TULSA, Okla. (AP) - A report shows that Oklahoma residents continue to pay some of the highest combined state and local sales taxes in the nation.

The Tax Foundation’s annual report shows that Oklahoma’s average combined sales-tax rate at 8.78 percent is slightly higher than last year’s 8.72 percent.

The state has dropped from fifth to sixth in rankings, after Alabama moved up to fourth. The rankings are calculated by adding state sales taxes to an average of all local sales taxes, the Tulsa World (https://bit.ly/1HYTmAZ ) reported.

But when it comes to other taxes at the state and local level, the Tax Foundation’s previous assessments shows that Oklahoma ranks fairly low. The organization ranked Oklahoma 38th in total per capita state and local tax collections for 2012, the last year for which data was available.

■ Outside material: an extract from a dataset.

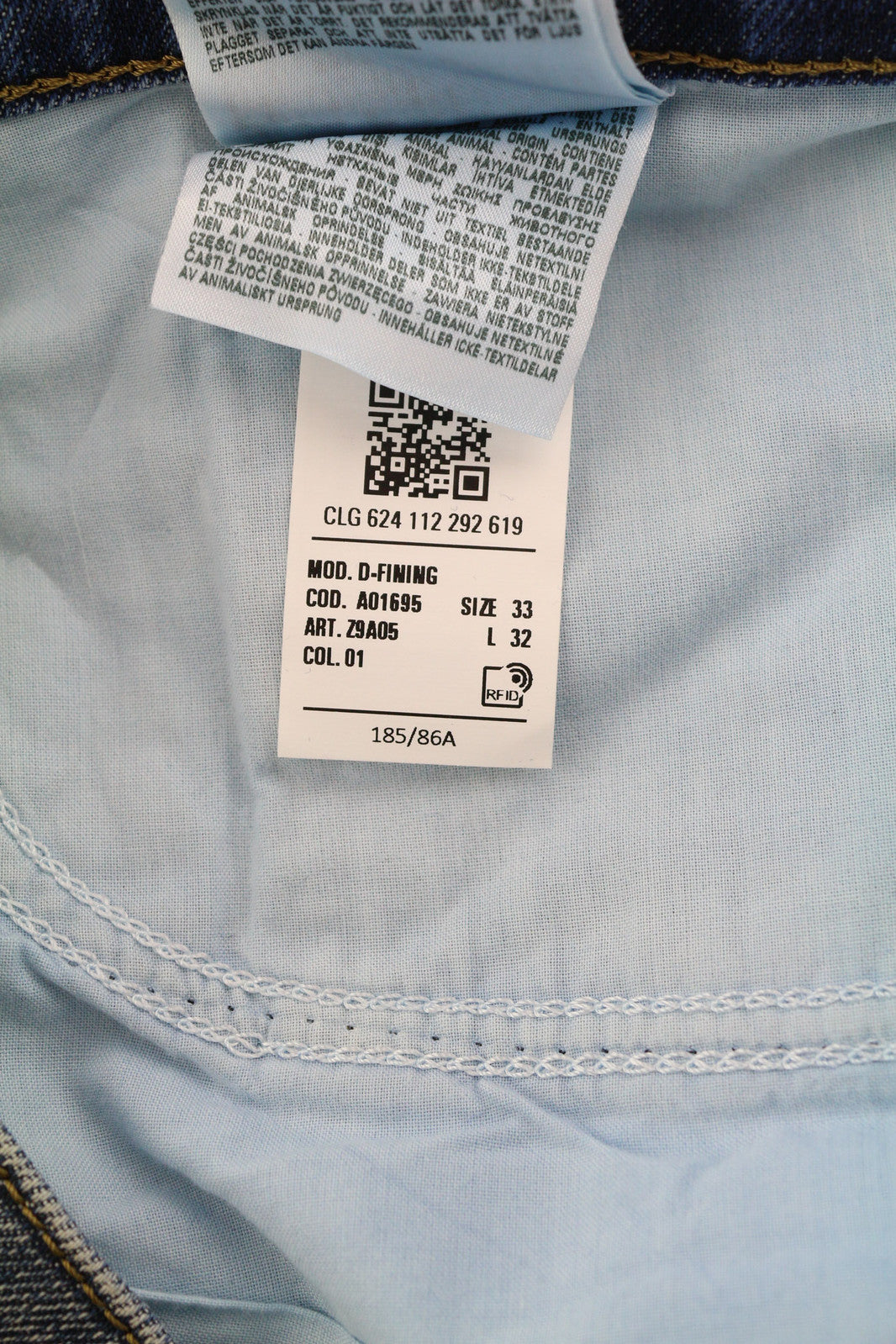 DIESEL D-Fining Z9A05 vyriški džinsai W33/L32 siaurėjantys, tamprūs, skalbtos mėlynos spalvos, rekomenduojama kaina – 225 €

Oklahoma has since cut its top income tax rate, but experts say reducing the state’s sales tax doesn’t appear to be on lawmaker’s agenda.



“For politicians, a sales tax is lots of times the only one they’ll consider raising,” said David Blatt of the Oklahoma Policy Institute.

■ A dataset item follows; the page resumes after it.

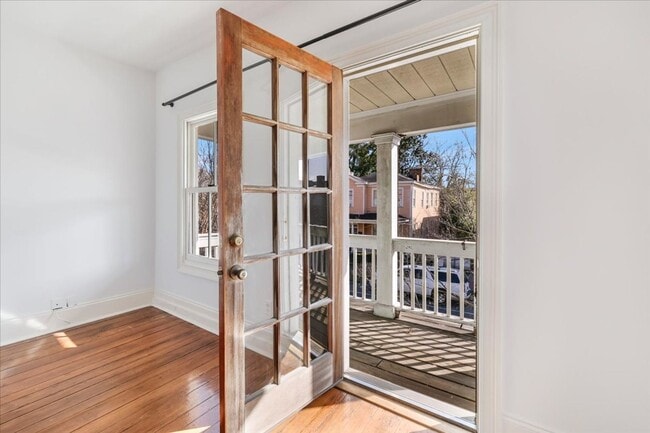 Building Photo - 216 W Anderson St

Oklahoma is unusually dependent on sales taxes because of moderate-to-low income and excise taxes and because it has some of the lowest property taxes in the United States.

Oklahoma is the only state in which municipal governments, excluding some creative accounting, can’t use property-tax revenues for general operation, making municipalities almost completely dependent on sales taxes.

Another factor is that some policy makers believe that reducing or eliminating the income tax all together would spur economic growth and that sales taxes are fairer and easier to administer.

Jonathan Small of the Oklahoma Council of Public Affairs said that “any tax is a burden, but our state income tax continues to prohibit economic growth for Oklahomans.”

Others like Blatt contend that the sales tax is regressive, meaning that it hits low-income households harder.

“It’s a little disingenuous to say sales taxes affect everyone equally,” Blatt said.